About two weeks ago, I had a situation happen with a fellow blogger. I wasn't going to mention it on here because I felt the best way to deal with the situation was to move on and not waste my energy on this negativity. Yesterday, this person decided to start stuff up again and now I feel like I have to address it here.
I won't be saying who it is or what blog is theirs because that's just starting trouble. I will say it's a "she" but that doesn't give anything away because most of my readers are female. Nothing I say in this post will attempt to give away their identity.
This person started out as a friend that I met through the blog world. Eventually we began to communicate through email, postal mail and by phone. After awhile, I realized this was not someone I wanted to be friends with. There were many reasons that I decided this and I won't talk about them here because I don't want to give away this person's identity. I'm not that mean. I had tried to talk to this person and explain some of the things that were bothering me. Unfortunately, they didn't understand where I was coming from and I knew that things would never change.

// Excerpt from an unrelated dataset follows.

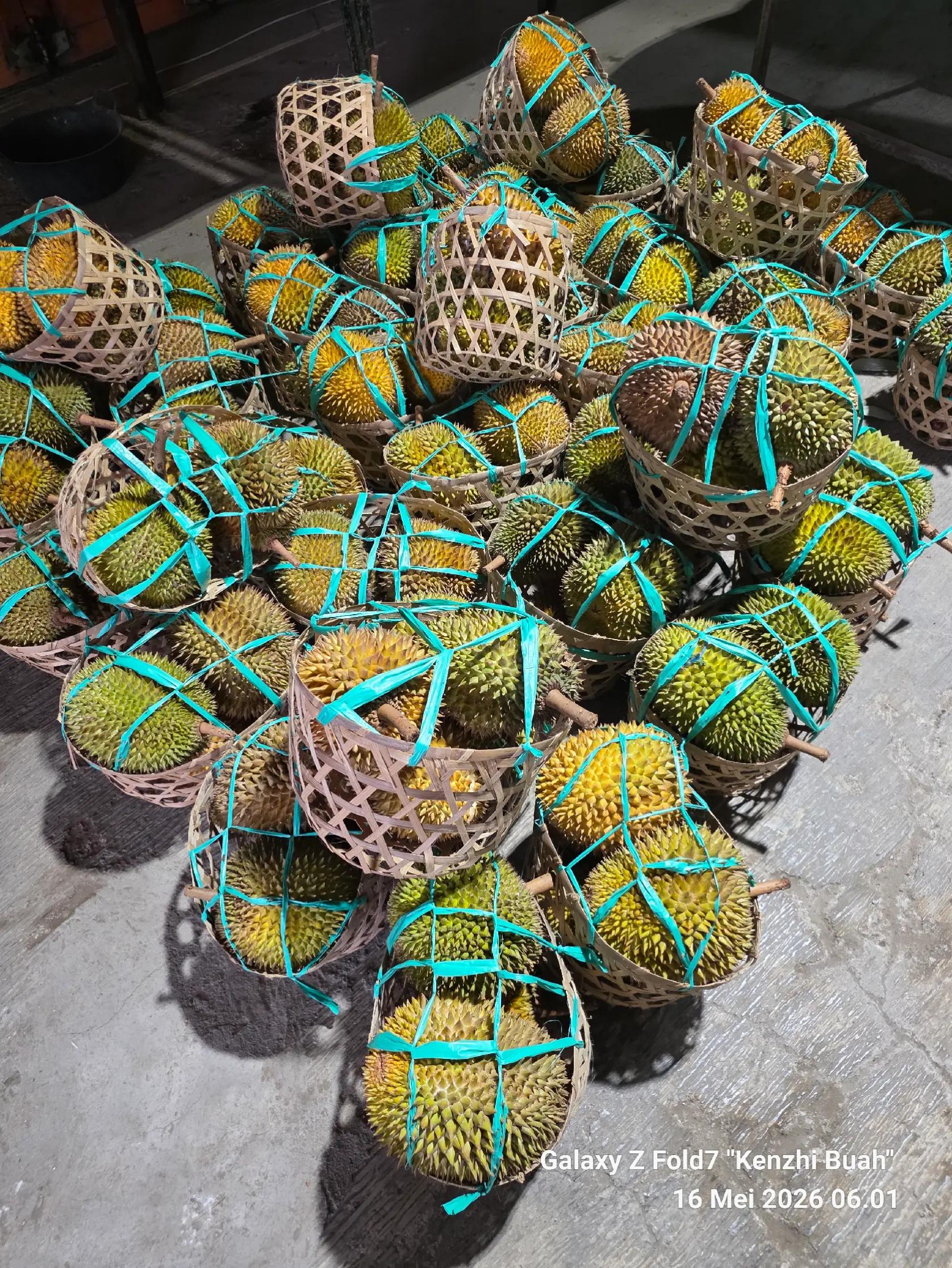 @Kenzhi Durian Tuban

It was at that point that I decided to just end the friendship. I did this through email clearly stating the reasons why I was doing it because I didn't want to end the friendship and not have them know why. I didn't feel that I was harsh but the email I got back shocked me.
She attacked my character, my art/crafts and things about me that I had shared on this blog. She swore, called me names, etc. It was not the response I was expecting. I thought we could handle this like adults but obviously not. Think about personal parts of yourself that you have only shared with a couple people. Now imagine those people mocking what you shared. It's a low blow and not necessary when it has nothing to do with why the friendship ended. I wish I could explain in words how cruel this person was trying to be to me.
I recently did a post on how short life is. I choose to rid myself of negative people/situations whenever it is possible. Life's too short to deal with the bullshit. This is why I wasn't even going to post about the situation at all. Yesterday, this person began posting anonymously on my blog. I had a feeling it was her because of the location that showed up in my Feedjit and she was typically coming from her blog. I responded to her comments cautiously, in case it was her. Then she emailed me last night and I knew for a fact it was her because the email address had her boyfriend's info in it. Plus the "story" that she tried to recreate for this anonymous identity didn't add up. I responded to that email carefully. I received an email back where she confirmed who it really was and then she proceeded to start attacking me again. I really wish I could show you all how horrible the emails were but I won't do that. It's catty and immature and would give away who this is. Needless to say, I have not and will not ever respond to her emails that are of that nature.
A couple weeks ago, when our friendship ended, she had said she would never visit my blog again. Well, I could tell that she was visiting based on Feedjit and then her anonymous postings happened and she also started deleting negative comments that she had left on my blog before. I know that she'll probably read this. If so, I want to say...
Just leave me alone! Please, move on and stop with everything. Stop attacking my character and making me into this person that I'm not. Enough with the lies. Please use your energy on more positive things. There are so many causes in the world that you could be spending your time and energy on. Our friendship is done and you know why so don't try to make it into something it's not. Just stop.